I know enough about the many folks that have tried to help you in this thread to know they all know much more than you about the Twins than you. And yet in over 180 posts you don’t seem to have learned a single think since your OP. That’s because you are arguing instead of listening and learning.

I have no doubt whatsoever that back in 1905 Einstein was told that the many folks that had tried to explain to him that Newton's theory invalidated his theory also knew more about the subject of physics than he did.

You are obviously laboring under the misapprehension that my OP was an attempt to learn something by listening to the opinions of others - it was NOT!

It was a statement in relation to which numerous responses have tried to convince me that the pov of an external observer has validity - it does NOT!

I’m all for reality so you tell use which view is the correct view of reality A or B when the only thing they agree on is the start time when A passes B and both set there clocks to O (zero).

That situation NEVER ARISES neither in Einstein's chapter 4 NOR his 1918 article!

It is similarly inapplicable comments such as yours that create confusion!

All the other C frames I mentioned (that you refuse to do the math on) also agree that A & B both simultaneously read “0” at that defined starting point.

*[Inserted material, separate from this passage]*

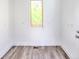 Bright room with light-colored wood floors and a window providing natural light at 727 Copper Trace Way, Woodstock, GA 30189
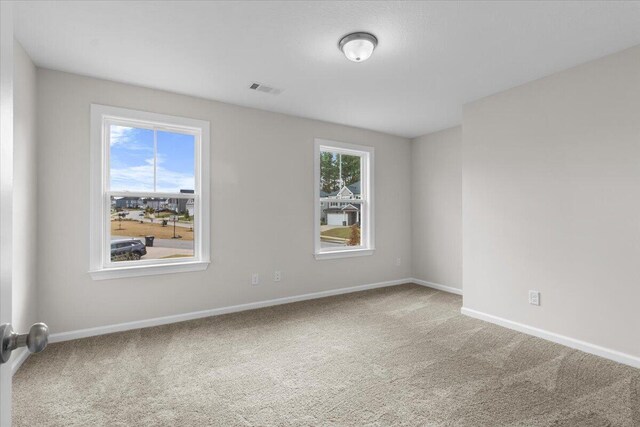 empty room with plenty of natural light, carpet floors, and visible vents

Even if I were capable of 'doing the math on' all the other C frames you mentioned I would refuse to apply that math to the situation referred to in Einstein's chapter 4 or his 1918 article on the basis that the opinion expressed by (i.e. the mathematical determinations arrived at by) numerous C frames has absolutely no affect whatsoever on what A and B determine!

On the basis of the 'Relativity of Simultaneity' NONE of the C frames "agree that A & B both simultaneously read “0” at that defined starting point." i.e. the starting point depicted by Einstein in paragraph 1, chapter 4 where A is at a fixed distance from B. Try to get your facts straight!

But never again will any two reference frames agree on what both A & B read simultaneously in your one way problem – never!

I never, in any of my postings, made any comment in relation to an agreement or otherwise as to the simultaneity of those clocks ergo your comment is totally unwarranted and inapplicable!

So if you big on reality; which frame is giving you the correct version of reality and just how do you justify your choice of frame as correct?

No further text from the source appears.